Short text fragments from websites:

━━━

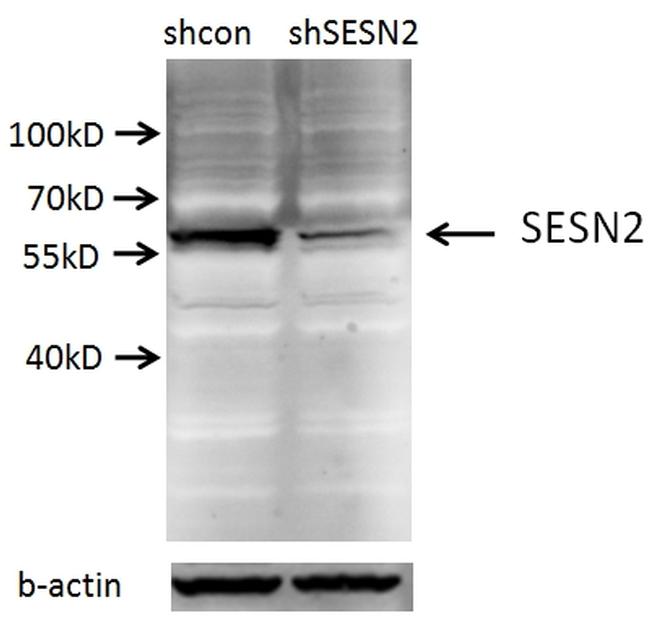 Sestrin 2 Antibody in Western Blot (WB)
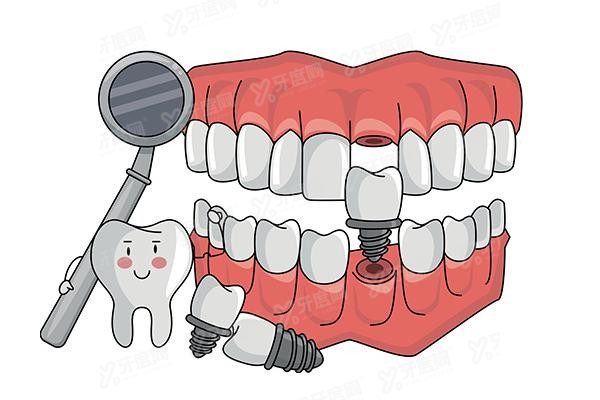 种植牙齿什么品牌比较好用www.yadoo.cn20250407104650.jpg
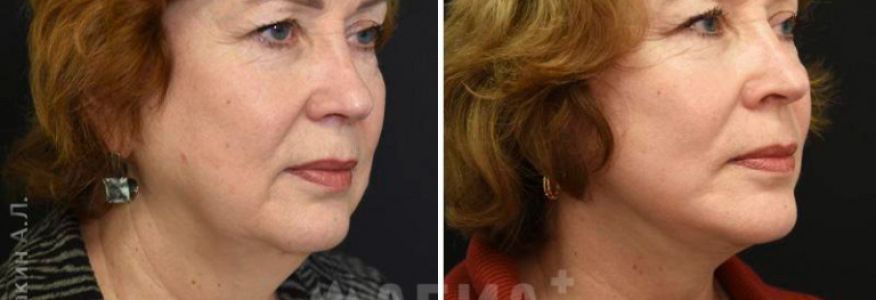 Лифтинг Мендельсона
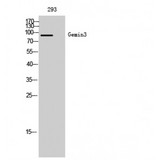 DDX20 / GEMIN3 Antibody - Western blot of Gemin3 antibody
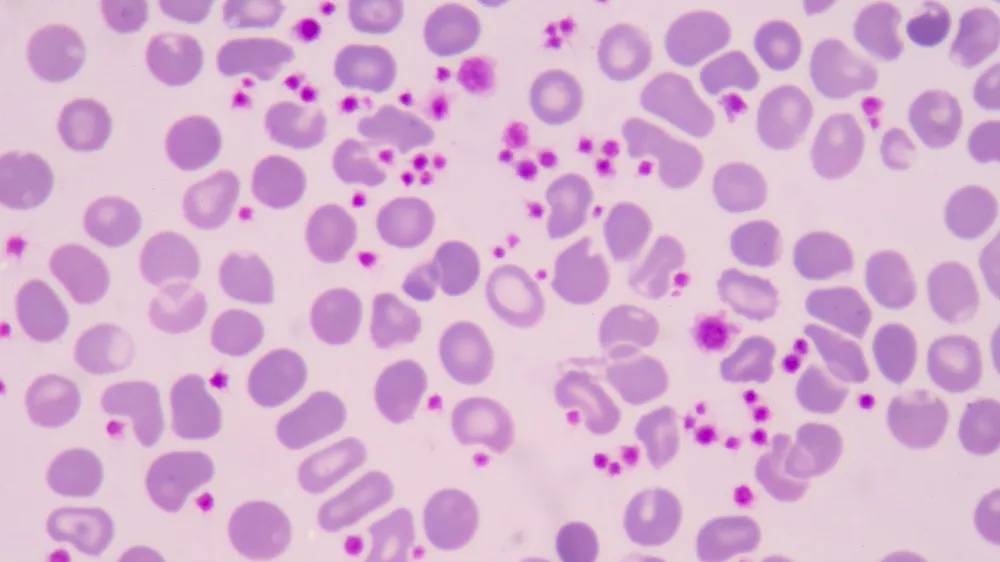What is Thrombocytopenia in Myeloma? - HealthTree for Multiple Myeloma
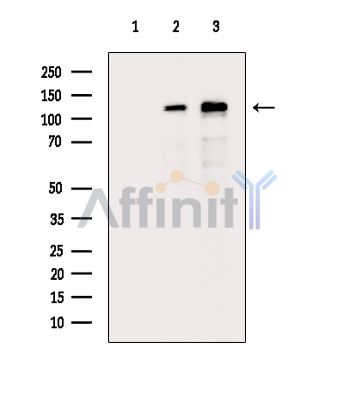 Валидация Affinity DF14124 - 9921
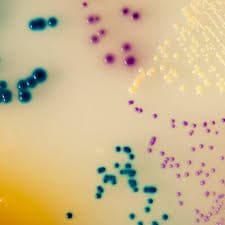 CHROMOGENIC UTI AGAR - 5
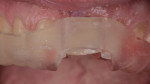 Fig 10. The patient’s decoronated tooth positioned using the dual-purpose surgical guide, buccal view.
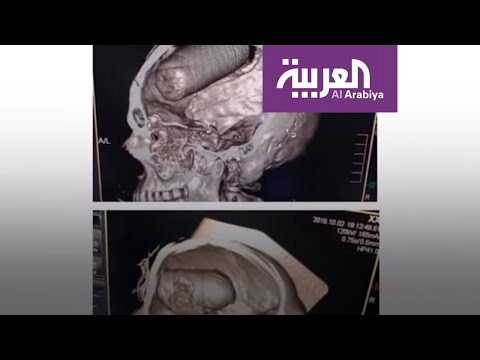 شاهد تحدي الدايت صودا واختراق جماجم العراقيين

━━━

> _Exercise_: Restate the data exactly, though only from the line that contains "Fig 10. The" through its last line, both ends included and with the pictures left out.

> _Task output_:
 Fig 10. The patient’s decoronated tooth positioned using the dual-purpose surgical guide, buccal view.
 شاهد تحدي الدايت صودا واختراق جماجم العراقيين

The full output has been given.